150 X 16 = 24 Third Cat.
43 Total Bill
If you Consume	650 kWhr	
Per Month then you entered the fourth category and your bill will be

115 L.E.

Because kWhr in the Fourth Category 
(From 351 to 650 kWhr) is 24 P.T. 50 X 5 = 2.50 First Cat.
150 X 11.0= 16.5 Second Cat.
150 X 16 = 24 Third Cat. 300 X 24= 72 Fourth Cat.
115 Total Bill
If you Consume	1000 kWhr	
Per Month then you entered the fifth category and your bill will be

251.5 L.E.

Because kWhr in the Fifth Category 
(From 651 to 1000 kWhr) is 39 P.T.	50 X 5 = 2.50 First Cat.
150 X 11.0= 16.5 Second Cat.
150 X 16 = 24 Third Cat. 300 X 24= 72 Fourth Cat.
350 X 39 =136.5 Fifth Cat.
251.5 Total Bill
If you Consume	More than 1000 kWhr ex. 2000	
Per Month then you entered the sixth category and your bill will be

731.5 L.E.

Because kWhr in the Last Category 
(More than 1000 kWhr) is 48.0 P.T.	50 X 5 = 2.50 First Cat. 150 X 11.0= 16.5 Second Cat.
150 X 16 = 24 Third Cat. 300 X 24= 72 Fourth Cat.
350 X 39 =136.5 Fifth Cat.
1000 X 48=480 Last Cat.
731.5 Total Bill
kWhr = Kilo Watt Hour


----------



## kevinthegulf

*thanks*

[many thanks MS
thats more info than I could obtain from anyone especially the company lady who is supposed to help the expats!!!!!!!

tks
kev


----------



## Beatle

kevinthegulf said:


> Dear All
> A bit of info appreciated, my lecky bill is about 1000LE for a month, bit steep, only me at the moment in a large flat (maadi), minimal AC or heating has been required, shower heats the water as its used, hot tank in the kitchen (this is switched on but I think has a thermostat as light is not always on)
> 
> Any info on average bills would help, I need to thrash this out with landlord, done a few tests, I dont think anyone else connected to my supply, is my water heater that bad or is the meter in need of replacement, looks like about 700 kw usage in a month.

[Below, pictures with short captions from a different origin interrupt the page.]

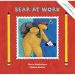 Bear at Work - front cover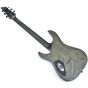 Schecter C-1 Apocalypse Electric Guitar Rusty Grey B-Stock 0418 sku number SCHECTER1300.B 0418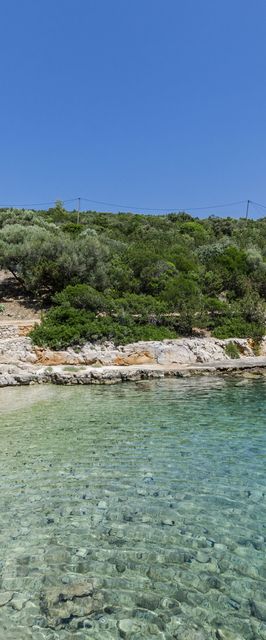 Apartments Davorka Gdinj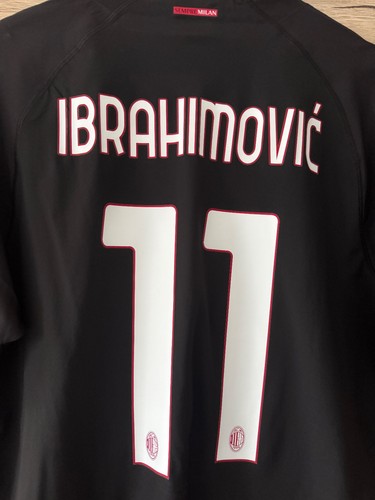 Milan trikot 2022 - milan,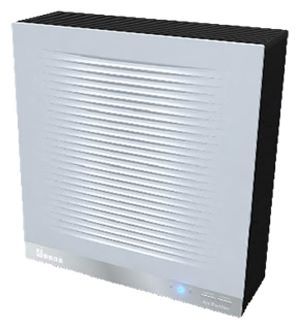 Отзывы Shivaki SHAP-2210W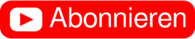 Abonnieren Youtube Button
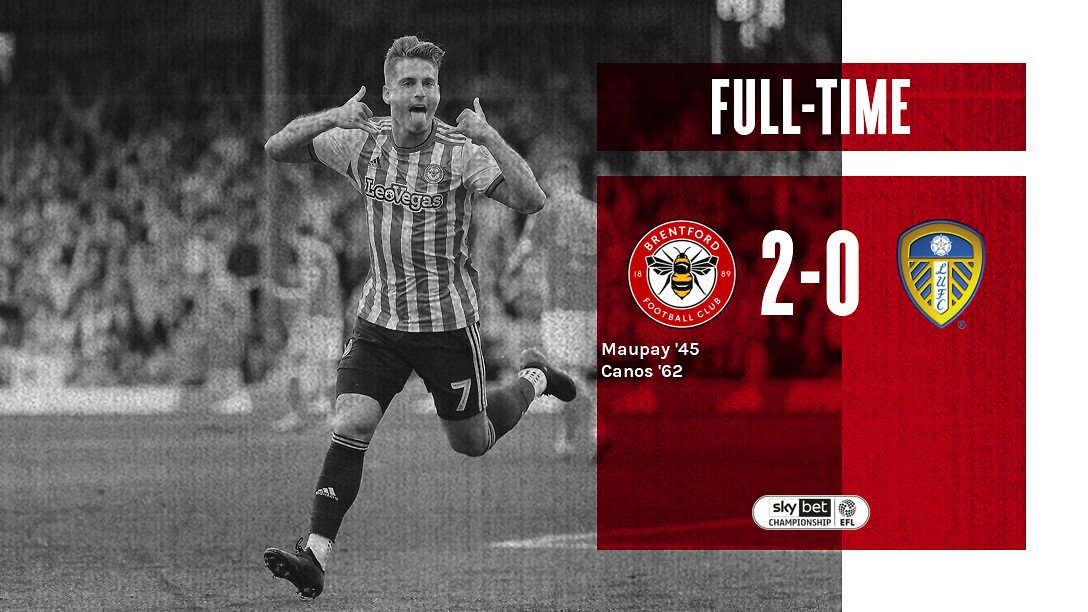 利兹惨遭连败，主教练赛后透露困难原因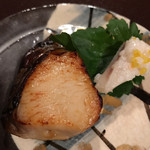 御懐石 志ら玉 - 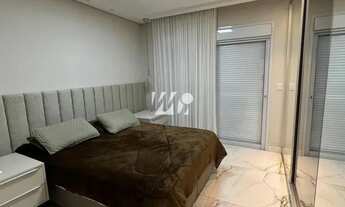 Imagem 7: Casa 3 Dormitorios com Suite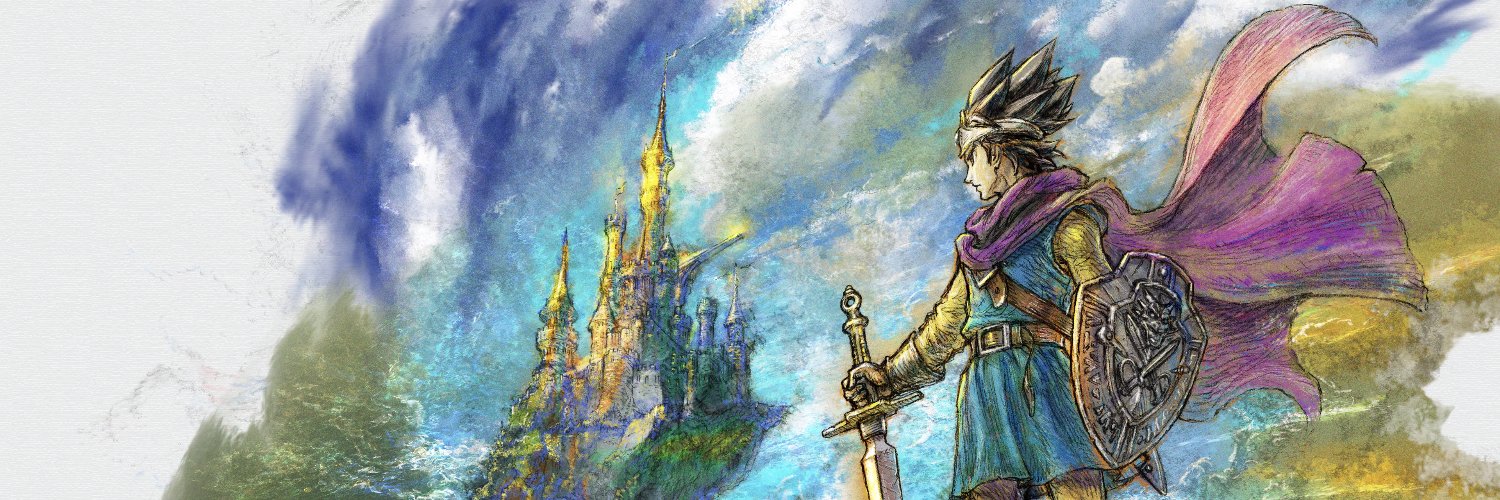 Alldwin_'s profile banner image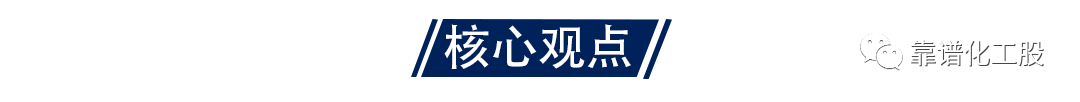 德才股份三季报“稳经营”策略筑韧性，回款、现金流双优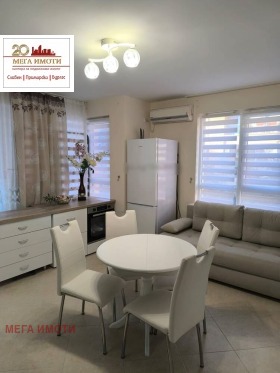 ������� 2-����� | Imot.bg � ����� ������ 2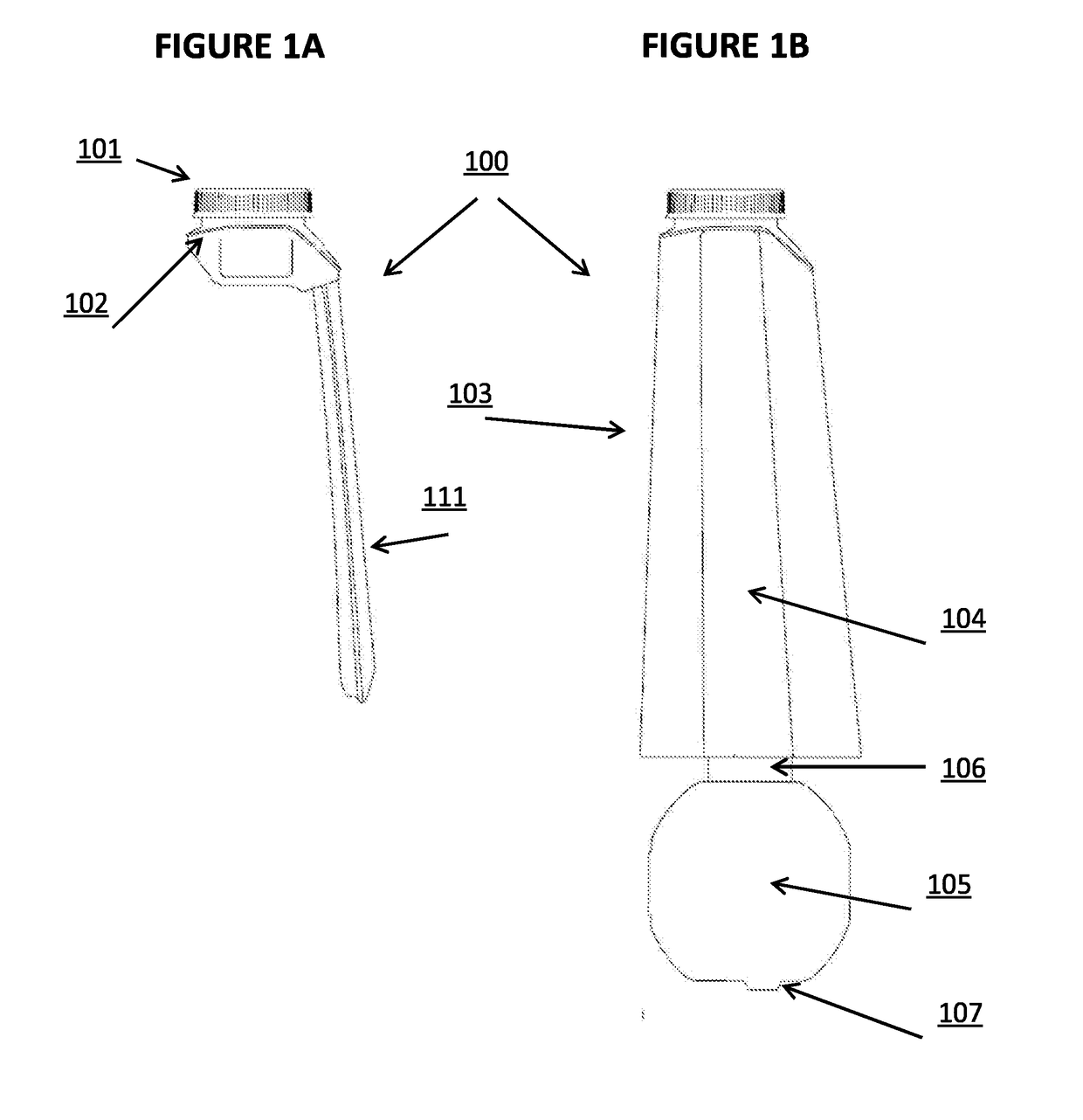 Compostable single-use beverage container and associated mechanism for sealing the container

People opposite me have there bills paid so no help
> 
> God help me in Summer with the AC on. any average figures would be appreciated, to give me some ideas.
> tks
> Kev


MS' reply is far more accurate than mine but three of us sharing a flat in Cairo during the summer a couple of years ago (when we had to keep the ac on all the time!) only paid approximately 450le for a month (Egyptians told us to budget about 200le but we had to pay the money to the landlord so I think there was a "foreigner" tax on top). I appreciate electricity prices have gone up since then.


----------



## GM1

we live in Mohandeseen, AC is not working these months, we have two water heaters, my son uses his fan always in the night (because the noise from the fan reduces the noise from outside), we are a family of 4. Bill is around LE80.


----------



## DeadGuy

Hi there,

Your bill is too high for the number/kind of devices that you're using, your average bill should be somewhere between 60 & 500 L.E. and yes, could be just 60 L.E.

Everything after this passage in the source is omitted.